== Supplied records ==
=-=-=

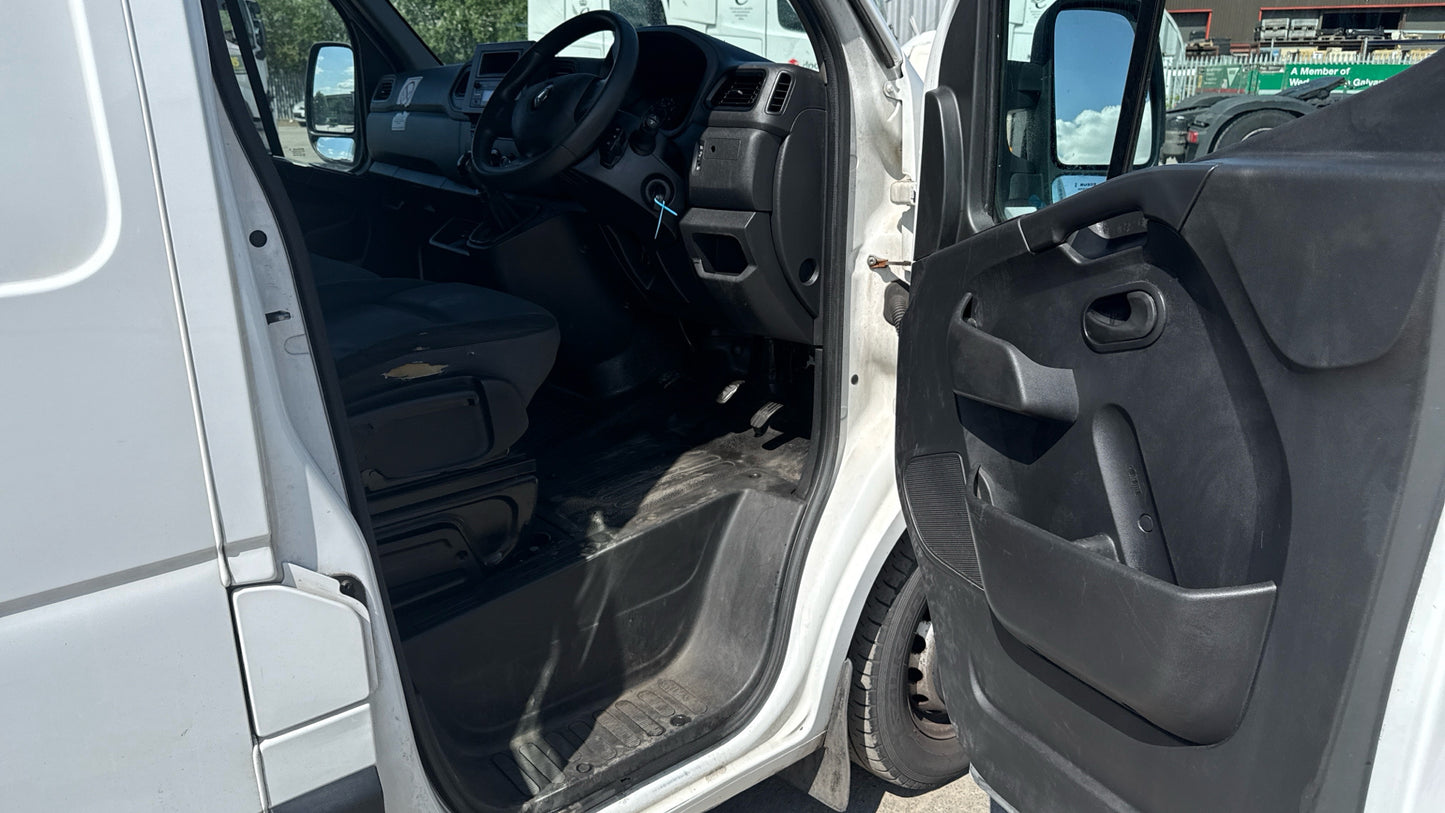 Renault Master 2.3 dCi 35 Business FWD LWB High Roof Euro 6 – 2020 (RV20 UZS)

=-=-=

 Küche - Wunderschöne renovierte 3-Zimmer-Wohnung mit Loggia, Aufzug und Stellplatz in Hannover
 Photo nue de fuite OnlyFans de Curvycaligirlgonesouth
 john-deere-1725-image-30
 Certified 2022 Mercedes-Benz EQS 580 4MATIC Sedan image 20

=-=-=

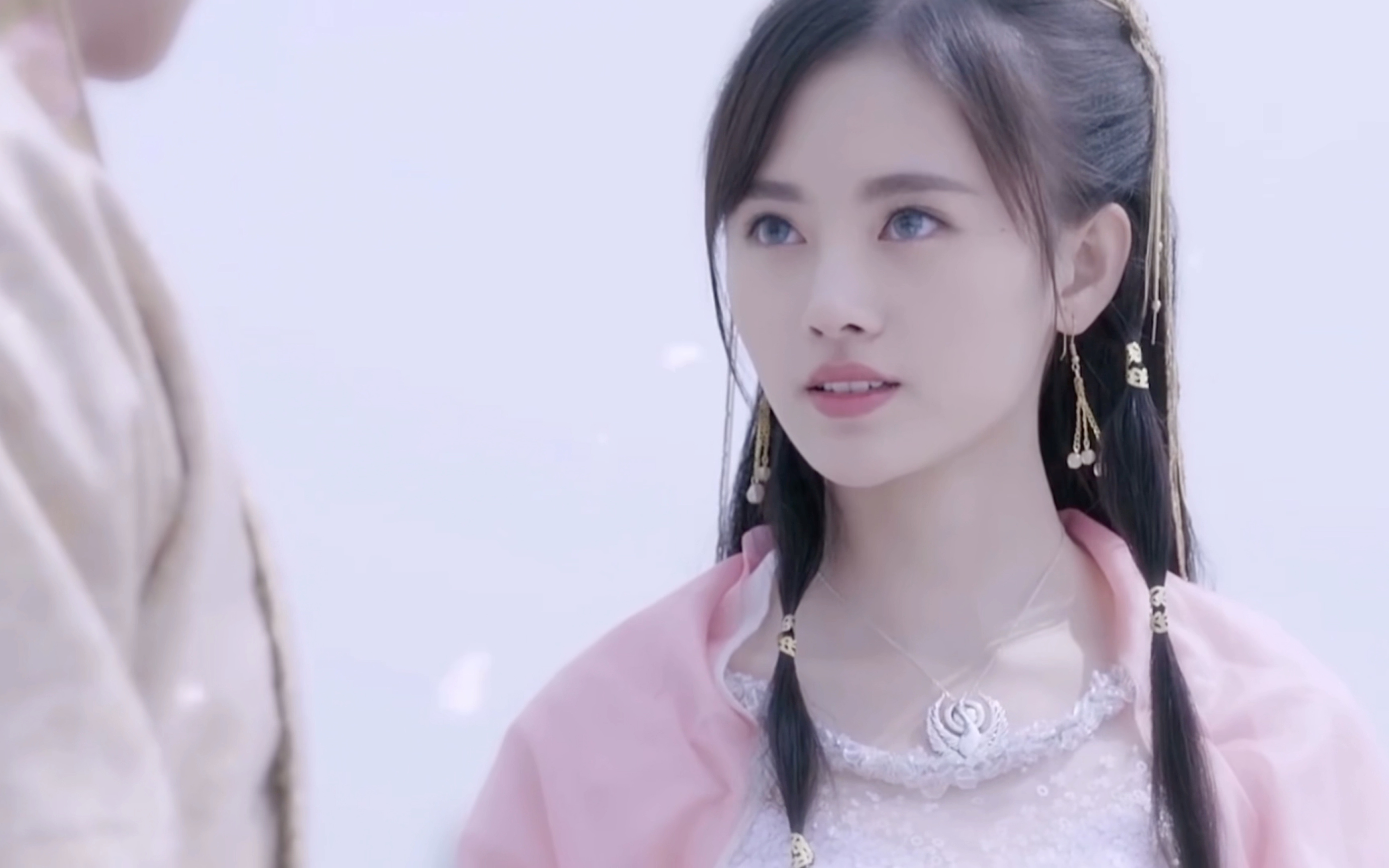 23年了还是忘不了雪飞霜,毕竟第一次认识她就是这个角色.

=-=-=

== Task instructions ==
Each line of the entries where the string "image" occurs should be shown.

== Task answer ==
 john-deere-1725-image-30
 Certified 2022 Mercedes-Benz EQS 580 4MATIC Sedan image 20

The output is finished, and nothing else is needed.